A Doll's House, in my opinion is a tragedy of sorts, but it is a result of the people of the time.  The society is male-dominated and though Nora's behavior seems sometimes comic in its ridiculous nature, she is actually simply playing a role (like a "doll") in order to get what she wants and, in a real sense, absolutely needs: money to pay Krogstad's I.O.U.

Nora leaves her children at the end and goes into an uncertain future. She knows she can not care for them, but regardless of the situation, a mother leaving her child is unnatural and hard to comprehend in any society, though it happens all too often.

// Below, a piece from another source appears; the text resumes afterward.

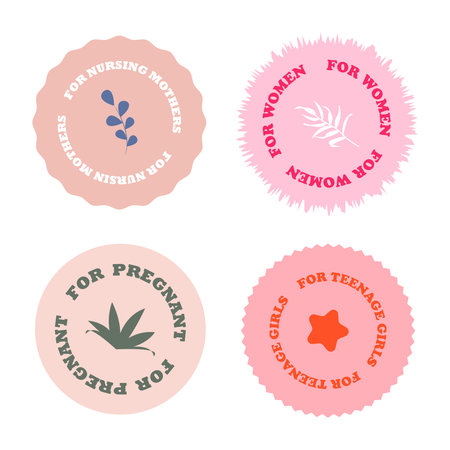 set of labels, emblems for products for nursing mothers, pregnant women, women, girls. Healthy lifestyle, caring for women-vector illustration.のイラスト素材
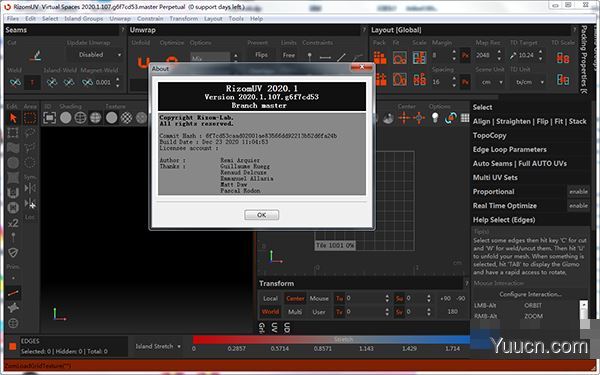 三维模型展UV软件 RizomLab RizomUV Real & Virtual Space v2020.1.107 破解安装版 64位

I would say this play is sad: the family is destroyed and Nora has no idea of who she is or how she will survive. (Kristine has already described the horrors that a single's woman's life, trying to survive alone in a man's world, will hold for her.) Torvald has no clue, but this has been the case through the entire play. Even when he finds what she has done—only to save HIS life—all he cares about is his reputation. He is, of course, a product of his society, but in any age, there have always been people who have lived outside the confines of society to do great things.

For example, Ghandi, Mother Teresa, and Martin Luther King, Jr., are only a few examples: they could have stayed where society expected them to, but each chose to take a different path that confounded some, and enraged others. And thank God they did so.

Unhappy and tragic: that is how I see "A Doll's House."